A peine installés, vous n'avez pas le temps de chercher la meilleure position sur votre siège, l'histoire de Komona vous saute aux yeux. La jeune fille, kidnappée à l'âge de douze ans, engagée de force dans les milices rebelles, raconte à l'enfant qui grandit dans son ventre "l'histoire de sa vie" dans l'armée des guerriers rebelles d'un pays d'Afrique Centrale. Rien ne nous échappe, rien nous est destiné explicitement et pourtant, la voix de Komona (Rachel Mwanza), les séquences d'une violence inouï ou les moments qui laissent entendre et approcher l'espoir, vont nous amener progressivement à entrer dans cette logique de guerre, dans cette stratégie à la fois grossière et fine qui nous fait dérouler le fil qui permet de comprendre et d'expliquer comment une telle barbarie est possible.

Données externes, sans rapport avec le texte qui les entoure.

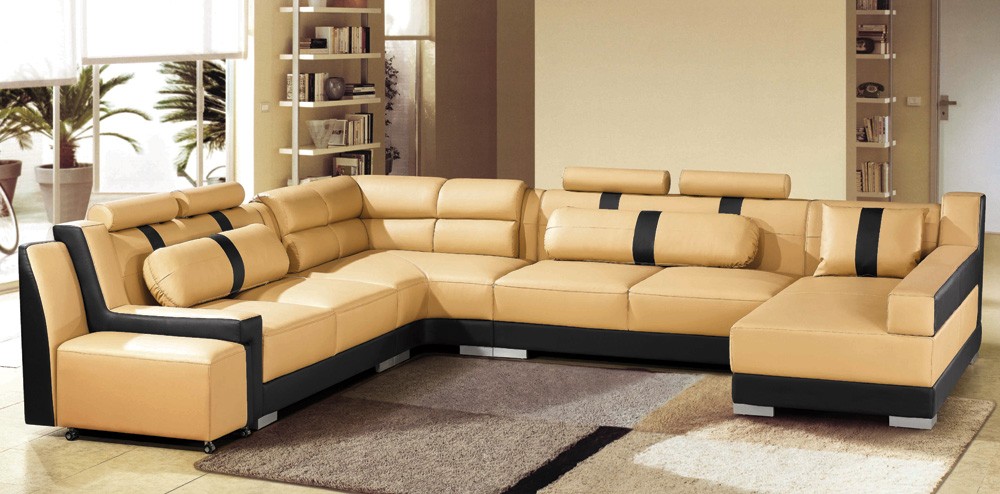 beautiful custom sectional sofa 64 in sofas and couches ideas with custom AJCATGR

En réalité, les gosses, c'est l'arme la moins chère. Un gosse ça vous rapporte et vous coûte peu. Vous le prenez où vous voulez, tant qu'il est utile on l'utilise, quand il ne marche plus ou qu'il tombe malade un coup de Kalachnikov suffit et d'autres sont à la porte pour prendre sa place.
Bien sûr les choses sont plus complexes que cela et l'histoire de Komona va se dérouler différemment. Elle n'est pas tuée mais tue, et apprend aussi à utiliser la machette. Perd ses parents, son amoureux, le Magicien, le garçon de 15 ans qui l'épouse car il réussi à trouver un coq blanc. Il y laissera sa vie mais leur enfant naîtra et on sent comme un espoir, douloureux mais l'espérance que Komona aura su vaincre cet horreur, ayant pu enterrer le symbole de ses parents qu'elle avait dû tuer..
Admirable film, qui nous laisse (m'a laissé en tout cas) submergé, -suffoqué-, constatant comme une évidence que nous ne sommes pas innocents. Ce sont nos pays riches qui entretiennent avec leurs industries florissantes de l'armement et assistons dans nos banlieues à l'enroulement de jeunes victimes de toute manipulation et de tout fanatisme. On ne sait pas contre qui ou pour qui on se bat, mais on sait que l'arme à la main on doit tirer pour sauver sa peau, en fait pour sauver celle de ceux qui commanditent les enfants-soldats.
Dans le débat à la fin de la projection, avec la Défenseur des Enfants, était présente Renate Winter, membre du comité de l'enfant de l'ONU, qui a parlé de son expérience de Magistrat, pendant onze ans en Sierra Leone. Son témoignage sur le presque indicible du terrible cauchemar, bien réel, vécu par les 10 mil enfants-soldats, dans un pays qui compte 4 millions d'habitants, des milliers d'enfants mutilés, a sidéré les spectateurs qui s'interrogeaient comment faire pour ramener à l'humanité ces victimes que la guerre n'a pas tué...
* * * Film de Kim Nguyen, Québec, tourné à Kinshasa, sorti en 2012. Il a eu plusieurs distinctions, notamment au Vancouver Film Critics Circle, meilleur film canadien.